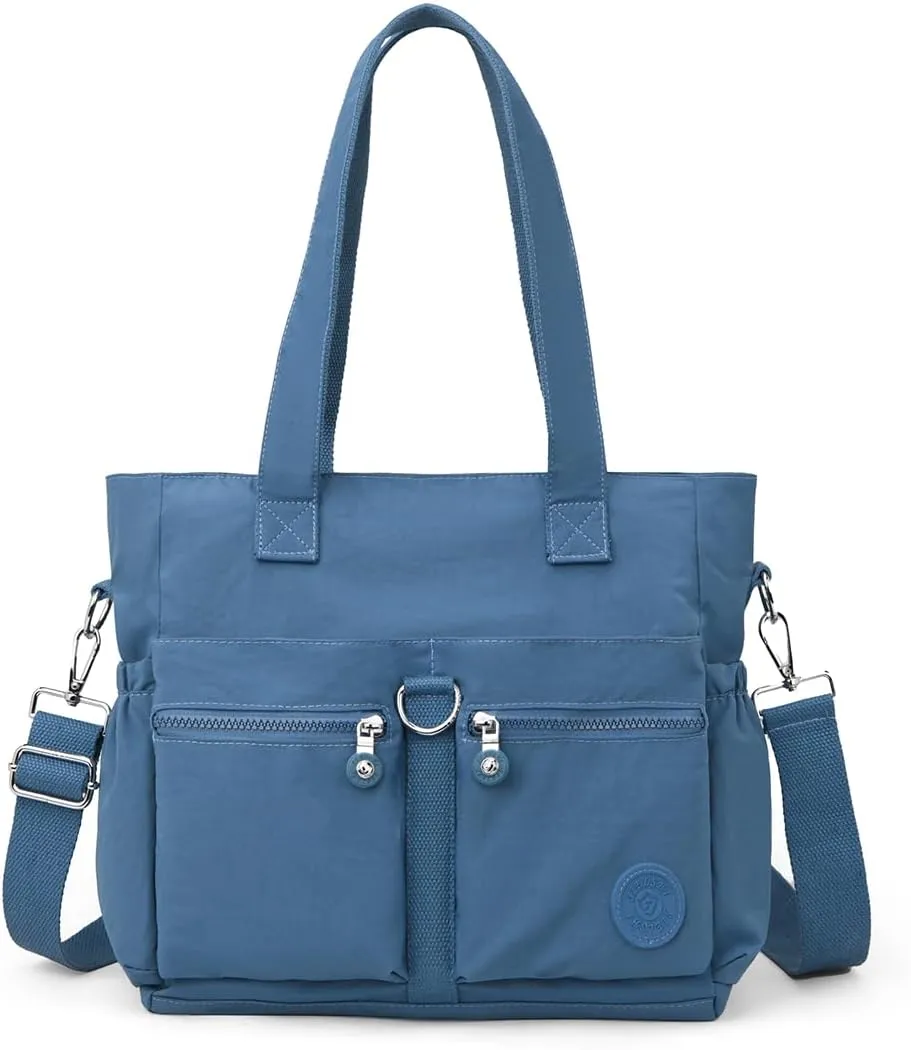 Collsants Tote Bag for Women Nylon Purse and Handbags Tote Purse Crossbody Bag Messenger Bag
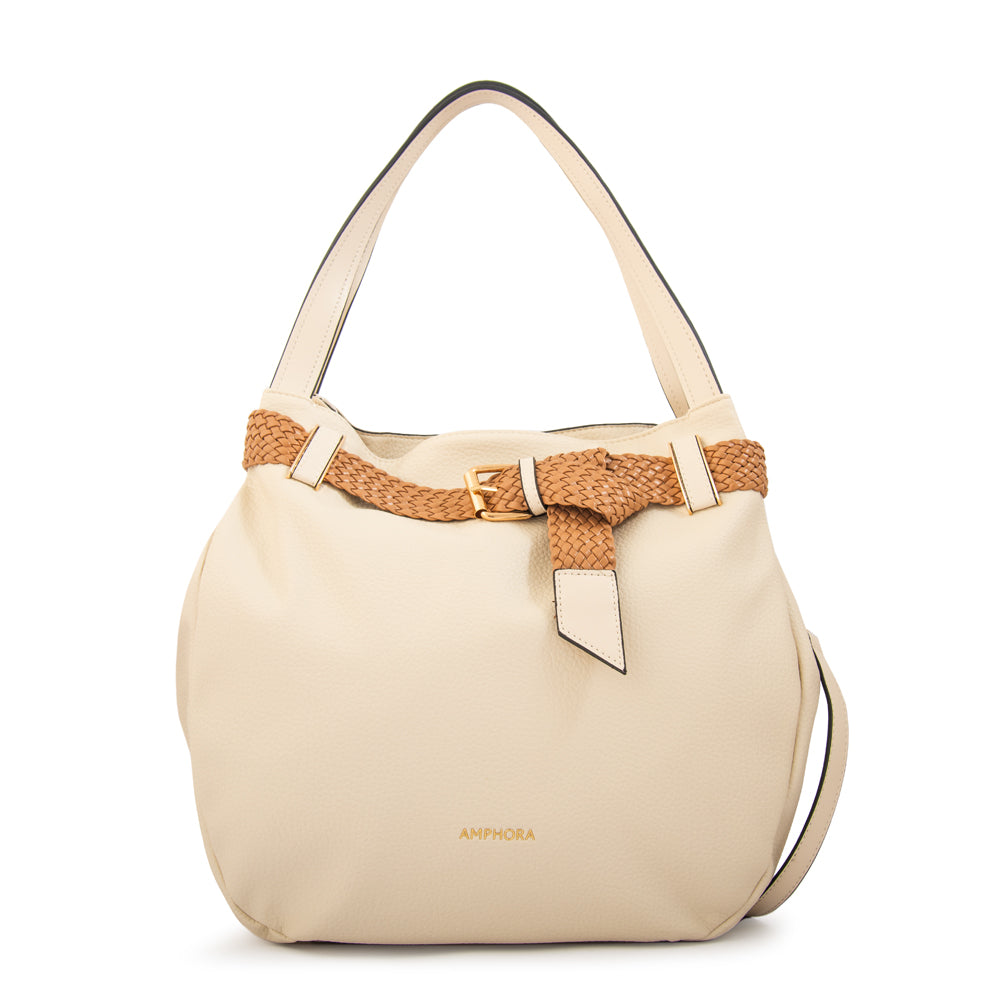 Cartera Corte Recto Minerva Blanco Crudo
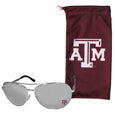 Texas A & M Aggies Aviator Sunglasses and Bag Set
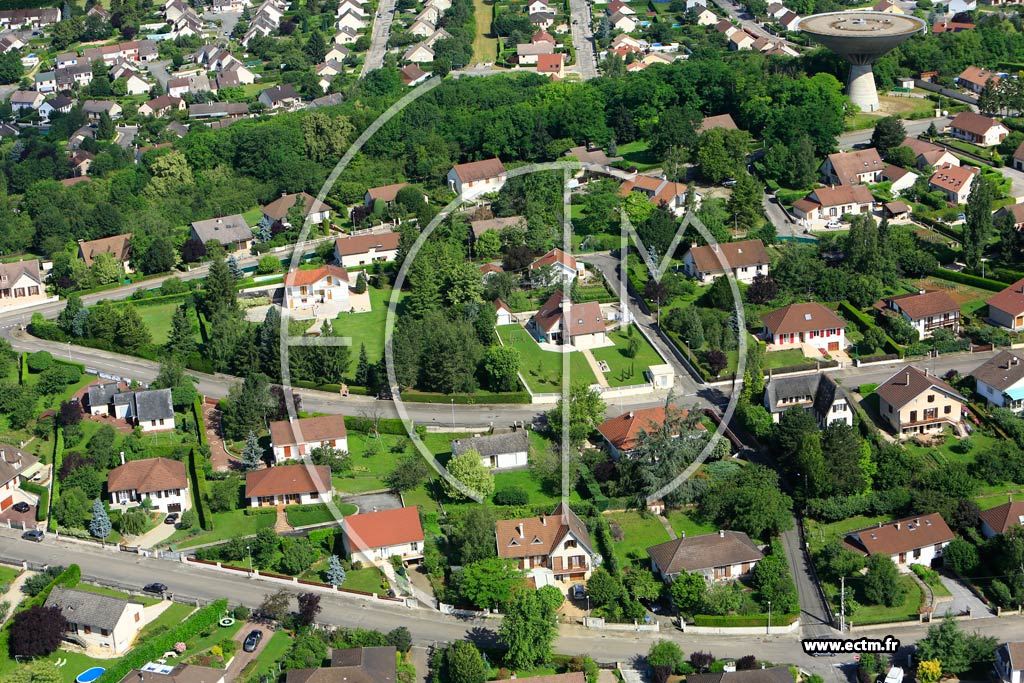 Photo arienne de Dole (Les Hauts de Plumont)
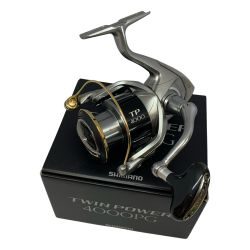ττ SHIMANO シマノ スピニングリール 15 ツインパワー 4000PG 箱付 ベール下がり 03374 Cランク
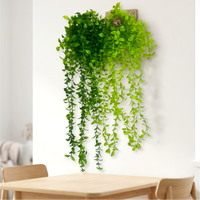 Nouvelle Décoration Végétale Intérieure/Extérieure Élégante : Bandes de Feuilles de Buis Artificielles Suspendues, Plantes Artificielles en Pot en Plastique pour Mariage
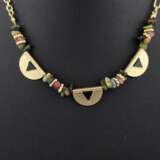 Zierliches Vintage-Collier mit kubistischen Stilelementen -… - Foto 2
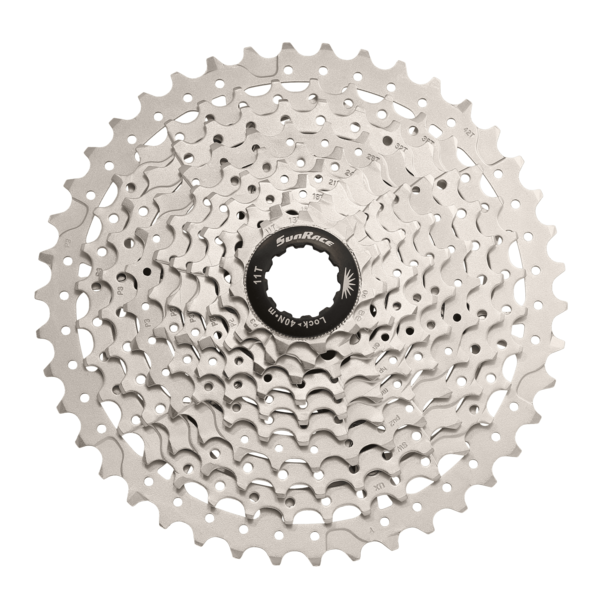 [73017] CASSETTE SUNRACE 10V 11-40 PLATA SHI/HG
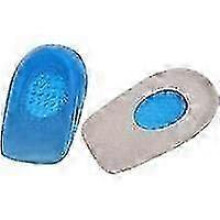 2 Pairs of Silicone Heel Cup Pads for Plantar Fasciitis Relief - Gel Cushions for UK Comfort and Pain Management
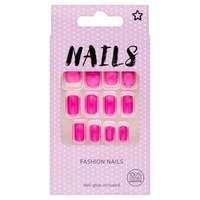 superdrug short square fake nails mauve pink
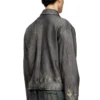 l-mayer Lederjacke mit Trompe-l’œil-Taschen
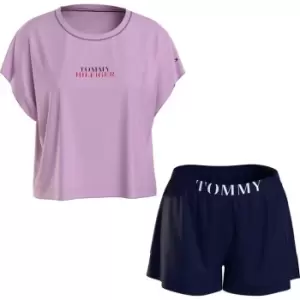 Tommy Bodywear Short Sleeve Pyjama Set - Purple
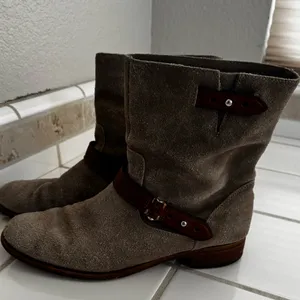 Coach Taupe Suede Ankle Boots with Buckle thumbnail 2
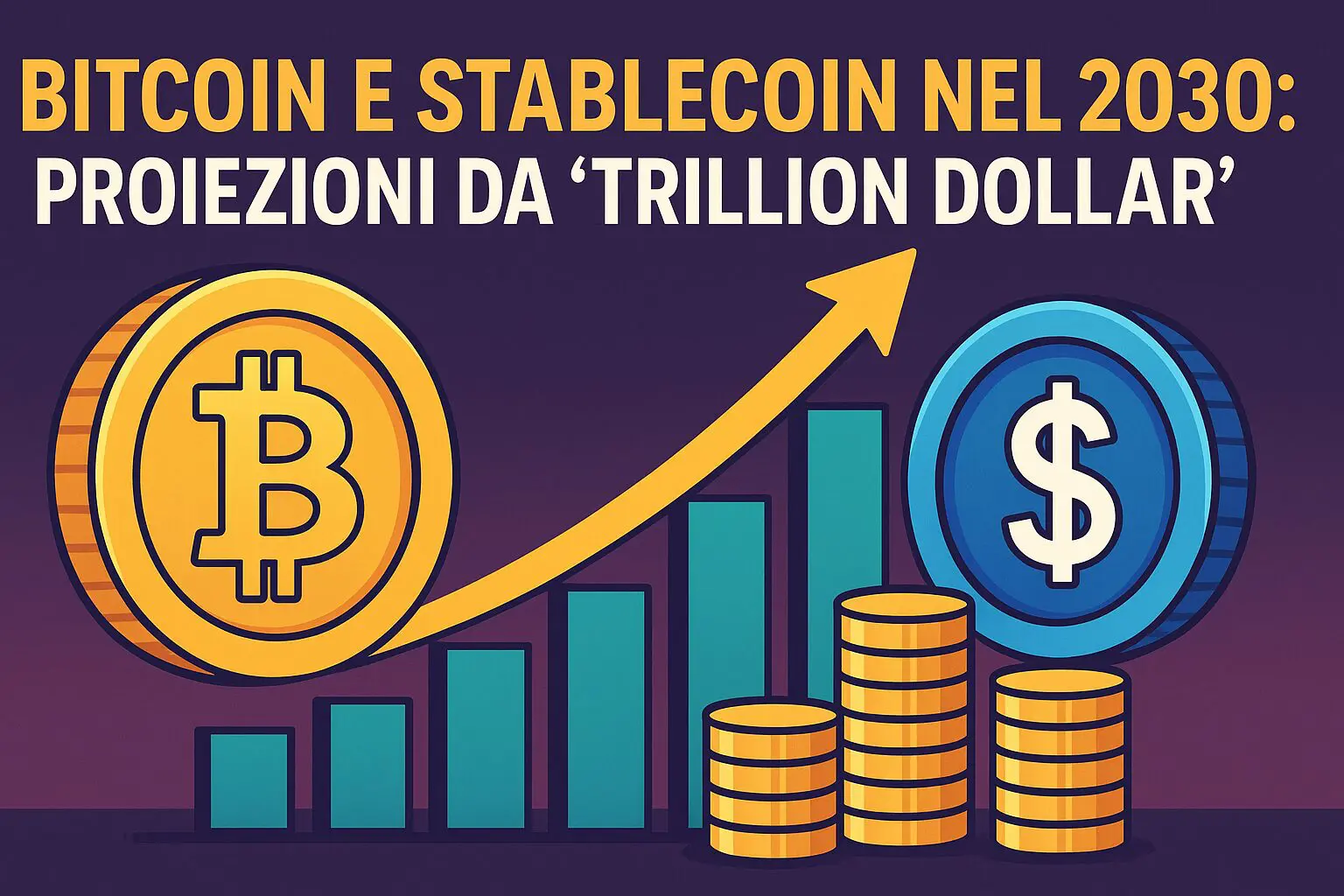 Bitcoin e Stablecoin nel 2030: Proiezioni da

+++++

Please set down the records above word for word and omit their pictures.

Output of the exercise =>
 Collsants Tote Bag for Women Nylon Purse and Handbags Tote Purse Crossbody Bag Messenger Bag
 Cartera Corte Recto Minerva Blanco Crudo
 Texas A & M Aggies Aviator Sunglasses and Bag Set
 Photo arienne de Dole (Les Hauts de Plumont)
ττ SHIMANO シマノ スピニングリール 15 ツインパワー 4000PG 箱付 ベール下がり 03374 Cランク
 Nouvelle Décoration Végétale Intérieure/Extérieure Élégante : Bandes de Feuilles de Buis Artificielles Suspendues, Plantes Artificielles en Pot en Plastique pour Mariage
 Zierliches Vintage-Collier mit kubistischen Stilelementen -… - Foto 2
 [73017] CASSETTE SUNRACE 10V 11-40 PLATA SHI/HG
 2 Pairs of Silicone Heel Cup Pads for Plantar Fasciitis Relief - Gel Cushions for UK Comfort and Pain Management
 superdrug short square fake nails mauve pink
 l-mayer Lederjacke mit Trompe-l’œil-Taschen
 Tommy Bodywear Short Sleeve Pyjama Set - Purple
 Coach Taupe Suede Ankle Boots with Buckle thumbnail 2
 Bitcoin e Stablecoin nel 2030: Proiezioni da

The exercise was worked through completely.